SERGIO HENAO et RIGOBERTO URAN
L'an dernier, Uran et Henao s'étaient classés respectivement septième et neuvième du Tour d'Italie. Mais cette année, la présence de Wiggo change tout, fatalement. Les Colombiens seront des équipiers de luxe et il reste à voir s'ils offriront un soutien aussi solide que Froome, Porte et Rogers sur le Tour l'an dernier. On a vu où cela pouvait mener avec les deuxièmes places de Froome sur la Vuelta 2011 et le Tour 2012. (L'Equipe)
VINCENZO NIBALI
Nibali est l'adversaire n°1 de Wiggins. Le Requin de Messine n'avait pas pu déstabiliser la machine Sky sur le Tour l'an dernier, mais cette fois il est chez lui, au pays, là où il a gagné Tirreno-Adriatico et le Tour du Trentin cette année. S'il pourra compter sur le prometteur Fabio Aru dans la montagne, il lui faudra limiter la casse sur le chrono de 55 km. (L'Equipe)
RYDER HESJEDAL
Vainqueur inattendu en 2012, Ryder Hesjedal n'est une nouvelle fois pas favori. On se méfiera beaucoup plus du Canadien cette fois, même si garder son titre est rare en Italie puisqu'il faut remonter à Miguel Indurain (1992-1993), puis Eddy Merckx (1972 à 1974) pour trouver les derniers doublés. S'il s'est montré offensif sur Lièges-Bastogne-Liège, le leader de Garmin n'a pas impressionné son monde depuis l'an dernier. (L'Equipe)
CADEL EVANS
Faut-il encore compter Cadel Evans parmi les favoris ? Le vainqueur du Tour 2011, qui n'a couru que feux fois le Tour d'Italie (5e en 2010), a perdu de sa superbe et son inscription au Giro, voulue par BMC, peut être lue comme une façon de laisser les coudées franches à Tejay Van Garderen en juillet.
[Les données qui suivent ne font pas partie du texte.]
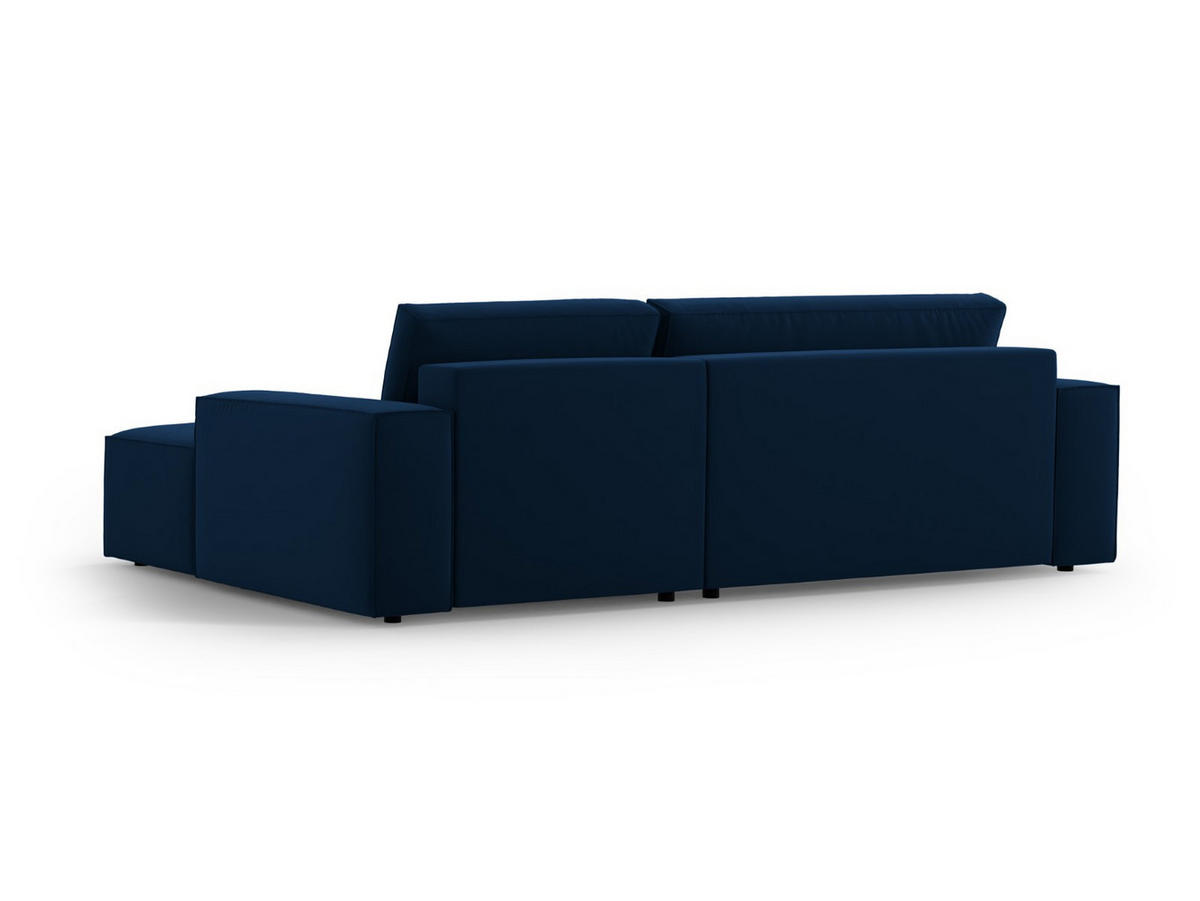 ECKSOFA ausklappbar rechts mit Container Jodie aus Samt königsblau 3 Sitzplätze - Dunkelblau, Textil (151/246cm) - Micadoni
L'Australien, seulement 22e de Tirreno, affirme qu'il est là justement pour se mettre en forme en vue de la Grande Boucle. Il aura avec lui notamment Taylor Phinney, maillot rose trois jours en 2012. (L'Equipe)
ROBERT GESINK
Il ne faut pas croire toutes les annonces, sinon il y aurait trente coureurs dans le top 10. Blanco, l'ex-Rabobank, a annoncé que Gesink visait le top 5 pour son premier Giro. S'il n'a pas converti tous les espoirs placés en lui, le Néerlandais, sixième de la Vuelta l'an dernier, vaut quand même mieux que les critiques qui l'accablent souvent désormais. Il n'a que 26 ans, passe bien la montagne et sera bien entouré avec notamment Keldermann. (L'Equipe)
SAMUEL SANCHEZ
A 34 ans, Samuel Sanchez est un peu l'inconnue de ce Giro. Spécialiste des Grands Tours (quatre top 10 sur la Vuelta, trois dans le Tour), l'Espagnol n'a disputé qu'une seule fois le Tour d'Italie, en 2005 (17e). Il intervertit les rôles avec Mikel Nieve, dixième l'an dernier, qui disputera cette fois le Tour. Sanchez a signé peu de résultats significatifs depuis sa fracture d'une clavicule en juillet dernier. (L'Equipe)
MICHELE SCARPONI
On arrive dans la longue liste des outsiders italiens avec Michele Scarponi. Le vétéran, 33 ans, a déjà remporté l'épreuve sur tapis vert, en 2011, après le déclassement d'Alberto Contador. Il était encore quatrième l'an dernier. Ses faiblesses en chrono sont rédhibitoires mais sa troisième place lors du Tour de Catalogne (devant Wiggins et Gesink) et sa cinquième place sur Liège-Bastogne-Liège montrent qu'il existe toujours, là où un Ivan Basso a préféré déclarer forfait. (L'Equipe)
DOMENICO POZZOVIVO
Beaucoup moins connu que Basso et Scarponi, Domenico Pozzovivo, 30 ans déjà, n'en est pas moins dangereux. Il s'était classé huitième du Giro l'an dernier avec une équipe Continental Pro, avant d'être recruté cet été par AG2R. Gabarit réduit, il semble rouler sur un vélo trop grand pour lui mais s'interdit rarement d'attaquer. Il a fini septième du GP de Francfort mercredi, à trois jours du départ. (L'Equipe)
MAURO SANTAMBROGIO
A l'inverse de Pozzovivo, Mauro Santambrogio, ici en jaune fluo à côté de Francesco Reda et Filippo Pozzato, a quitté une formation World Tour (BMC) pour une Continental Pro (Vini Fantini-Selle Italia). Bien lui en a pris puisqu'il semble libéré cette saison, luttant les yeux dans les yeux avec Nibali ou les Sky sur Tirreno (7e) et au Trentin (2e). Longtemps cantonné à un rôle d'équipier, il n'a jamais réussi à briller sur un Grand Tour. (L'Equipe)
ARNOLD JEANNESSON
Des treize Français engagés, Arnold Jeannesson semble être le mieux placé pour obtenir un bon classement au général. 14e du Tour en 2011, le grimpeur est le leader de la FDJ avant d'aller aider Thibaut Pinot sur la Grande Boucle. Dans son équipe, Nacer Bouhanni tentera d'exister au mieux dans les sprints, sachant qu'il aura un concurrent redoutable avec un certain Mark Cavendish. (L'Equipe)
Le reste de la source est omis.